В связи с общей обстановкой, дело затянулось, и он пришел в Австрию в том же виде, в каком я встретил его три месяца тому назад в Италии. На нем была все та же затасканная и истертая солдатская шинель с большими буквами SU (Sowiet Union), написанными на спине, клеймо и опознавательный знак советских военнопленных. Ничего подобного не носили пленные «цивилизованных» стран, с которыми немцы обращались согласно правилам международных конвенций.

Теперь, придя 27-го мая к нам, этот внешним видом похожий на нищего человек объявил нам, что, исполняя долг офицера, он едет вместе со всеми на конференцию. Я попытался его переубедить, указывая ему, что он все еще официально не восстановлен в офицерских правах и, следовательно, не несет связанных с офицерским званием обязанностей.

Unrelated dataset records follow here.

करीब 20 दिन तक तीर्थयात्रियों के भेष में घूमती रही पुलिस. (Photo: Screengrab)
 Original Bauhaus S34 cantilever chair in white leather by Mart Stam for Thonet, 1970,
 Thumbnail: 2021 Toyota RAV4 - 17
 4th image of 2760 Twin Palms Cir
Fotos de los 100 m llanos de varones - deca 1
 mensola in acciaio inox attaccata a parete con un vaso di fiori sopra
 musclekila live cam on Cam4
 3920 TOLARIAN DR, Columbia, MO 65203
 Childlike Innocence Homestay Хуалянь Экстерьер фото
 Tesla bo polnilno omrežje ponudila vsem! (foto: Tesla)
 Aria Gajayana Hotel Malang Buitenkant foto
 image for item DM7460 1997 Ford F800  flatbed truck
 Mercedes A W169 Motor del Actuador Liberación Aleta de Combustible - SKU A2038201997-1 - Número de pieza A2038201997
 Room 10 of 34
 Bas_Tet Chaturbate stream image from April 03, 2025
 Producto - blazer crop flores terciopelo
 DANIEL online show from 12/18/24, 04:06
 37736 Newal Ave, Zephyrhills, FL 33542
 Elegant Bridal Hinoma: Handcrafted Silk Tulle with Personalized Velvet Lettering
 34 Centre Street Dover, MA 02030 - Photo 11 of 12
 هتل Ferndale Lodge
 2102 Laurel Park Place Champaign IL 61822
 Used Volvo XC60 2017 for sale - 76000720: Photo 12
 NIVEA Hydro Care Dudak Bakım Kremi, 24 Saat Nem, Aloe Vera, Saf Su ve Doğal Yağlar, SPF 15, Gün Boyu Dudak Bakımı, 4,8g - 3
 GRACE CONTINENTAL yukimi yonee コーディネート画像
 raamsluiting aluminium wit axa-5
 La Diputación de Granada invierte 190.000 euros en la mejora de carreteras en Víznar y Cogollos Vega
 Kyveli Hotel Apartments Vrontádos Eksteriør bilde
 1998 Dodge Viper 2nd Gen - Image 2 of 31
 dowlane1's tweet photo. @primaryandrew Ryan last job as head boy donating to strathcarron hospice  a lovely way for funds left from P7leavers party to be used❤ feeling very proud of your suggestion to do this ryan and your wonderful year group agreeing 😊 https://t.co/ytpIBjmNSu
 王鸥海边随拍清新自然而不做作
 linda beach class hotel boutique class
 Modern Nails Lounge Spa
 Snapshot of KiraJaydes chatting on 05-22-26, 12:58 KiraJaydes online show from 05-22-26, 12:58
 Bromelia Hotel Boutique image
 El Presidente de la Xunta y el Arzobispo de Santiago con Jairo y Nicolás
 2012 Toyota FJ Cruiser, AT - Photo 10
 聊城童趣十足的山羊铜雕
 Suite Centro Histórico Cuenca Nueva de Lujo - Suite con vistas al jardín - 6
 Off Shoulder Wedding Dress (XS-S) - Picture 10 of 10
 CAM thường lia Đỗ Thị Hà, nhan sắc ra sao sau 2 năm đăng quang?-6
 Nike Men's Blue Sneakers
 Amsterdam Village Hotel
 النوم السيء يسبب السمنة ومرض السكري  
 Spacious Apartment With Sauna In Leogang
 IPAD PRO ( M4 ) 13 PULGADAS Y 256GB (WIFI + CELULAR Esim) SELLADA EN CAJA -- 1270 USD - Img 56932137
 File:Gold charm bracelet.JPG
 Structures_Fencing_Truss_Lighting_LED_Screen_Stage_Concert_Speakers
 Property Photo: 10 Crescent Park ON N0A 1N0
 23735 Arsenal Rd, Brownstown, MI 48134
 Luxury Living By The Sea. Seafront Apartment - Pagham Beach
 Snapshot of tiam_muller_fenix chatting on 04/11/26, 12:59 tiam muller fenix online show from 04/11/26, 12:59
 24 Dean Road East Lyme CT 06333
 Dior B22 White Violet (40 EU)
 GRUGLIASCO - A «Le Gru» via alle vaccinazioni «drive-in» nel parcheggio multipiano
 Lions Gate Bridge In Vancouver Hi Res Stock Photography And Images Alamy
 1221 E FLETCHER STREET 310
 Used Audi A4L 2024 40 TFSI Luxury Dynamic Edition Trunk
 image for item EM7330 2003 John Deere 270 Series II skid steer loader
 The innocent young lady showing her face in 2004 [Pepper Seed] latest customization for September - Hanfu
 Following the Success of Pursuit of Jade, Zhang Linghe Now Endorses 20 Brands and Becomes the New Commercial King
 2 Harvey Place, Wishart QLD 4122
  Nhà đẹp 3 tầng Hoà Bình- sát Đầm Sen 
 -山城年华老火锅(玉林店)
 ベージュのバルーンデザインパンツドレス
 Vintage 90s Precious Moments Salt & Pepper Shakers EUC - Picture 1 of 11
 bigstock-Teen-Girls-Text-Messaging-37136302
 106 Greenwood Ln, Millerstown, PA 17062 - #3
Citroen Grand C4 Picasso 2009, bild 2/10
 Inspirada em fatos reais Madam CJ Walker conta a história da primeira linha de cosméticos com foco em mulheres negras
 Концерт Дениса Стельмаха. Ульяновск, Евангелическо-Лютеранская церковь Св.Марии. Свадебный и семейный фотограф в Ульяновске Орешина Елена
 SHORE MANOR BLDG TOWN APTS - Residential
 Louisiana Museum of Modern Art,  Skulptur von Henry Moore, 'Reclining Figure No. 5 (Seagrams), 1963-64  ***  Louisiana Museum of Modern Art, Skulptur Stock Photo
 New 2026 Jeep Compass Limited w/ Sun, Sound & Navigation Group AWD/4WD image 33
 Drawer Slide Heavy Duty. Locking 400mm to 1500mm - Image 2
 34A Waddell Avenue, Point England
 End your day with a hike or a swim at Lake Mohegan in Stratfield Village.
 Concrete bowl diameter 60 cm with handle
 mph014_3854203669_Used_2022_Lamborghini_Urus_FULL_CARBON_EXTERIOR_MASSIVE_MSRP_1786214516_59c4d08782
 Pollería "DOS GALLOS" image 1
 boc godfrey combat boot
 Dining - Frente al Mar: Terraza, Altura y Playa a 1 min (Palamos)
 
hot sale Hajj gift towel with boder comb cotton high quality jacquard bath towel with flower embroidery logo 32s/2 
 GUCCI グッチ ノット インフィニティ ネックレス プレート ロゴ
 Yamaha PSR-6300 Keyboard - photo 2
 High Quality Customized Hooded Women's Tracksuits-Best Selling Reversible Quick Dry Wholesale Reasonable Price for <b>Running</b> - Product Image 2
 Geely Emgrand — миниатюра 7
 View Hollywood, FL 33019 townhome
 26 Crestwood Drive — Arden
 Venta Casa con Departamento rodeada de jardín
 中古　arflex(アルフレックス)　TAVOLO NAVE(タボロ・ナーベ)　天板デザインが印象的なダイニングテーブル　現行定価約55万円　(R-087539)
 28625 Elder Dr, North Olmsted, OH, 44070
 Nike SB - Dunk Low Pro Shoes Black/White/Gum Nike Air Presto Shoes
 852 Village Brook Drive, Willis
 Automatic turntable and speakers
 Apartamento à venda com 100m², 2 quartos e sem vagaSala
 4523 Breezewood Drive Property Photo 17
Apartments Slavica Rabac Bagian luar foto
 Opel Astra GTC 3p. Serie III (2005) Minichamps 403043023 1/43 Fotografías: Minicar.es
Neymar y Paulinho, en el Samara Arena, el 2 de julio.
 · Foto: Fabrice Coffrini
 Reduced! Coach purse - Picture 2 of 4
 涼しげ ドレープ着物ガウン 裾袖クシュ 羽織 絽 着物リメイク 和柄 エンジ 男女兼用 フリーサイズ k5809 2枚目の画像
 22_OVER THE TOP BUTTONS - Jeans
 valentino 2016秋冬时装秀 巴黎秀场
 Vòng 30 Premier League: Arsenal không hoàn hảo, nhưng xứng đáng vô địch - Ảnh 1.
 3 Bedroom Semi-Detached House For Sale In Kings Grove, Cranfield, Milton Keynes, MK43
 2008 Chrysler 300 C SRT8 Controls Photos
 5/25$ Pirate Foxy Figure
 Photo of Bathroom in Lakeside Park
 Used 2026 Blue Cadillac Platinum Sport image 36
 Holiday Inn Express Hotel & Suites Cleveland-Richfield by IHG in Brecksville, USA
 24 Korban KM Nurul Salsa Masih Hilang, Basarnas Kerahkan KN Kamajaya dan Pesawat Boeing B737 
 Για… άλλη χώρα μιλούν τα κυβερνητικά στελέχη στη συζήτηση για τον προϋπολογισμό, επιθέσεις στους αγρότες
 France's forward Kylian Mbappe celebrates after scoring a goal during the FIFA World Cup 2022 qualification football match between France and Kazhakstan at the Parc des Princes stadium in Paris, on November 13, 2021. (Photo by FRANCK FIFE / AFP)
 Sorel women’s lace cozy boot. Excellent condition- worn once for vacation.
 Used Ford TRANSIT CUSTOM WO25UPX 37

Кроме всего прочего, я убежден, что пресловутая конференция с британским командованием, на самом деле западня, и я не понимаю, зачем ему при таких обстоятельствах рисковать своей жизнью.

Увы, семя моих благонамеренных доводов не принесло желаемого плода. Дядя возразил мне, что он не имеет морального права отказываться от участия в совещании, на котором будет решаться судьба России.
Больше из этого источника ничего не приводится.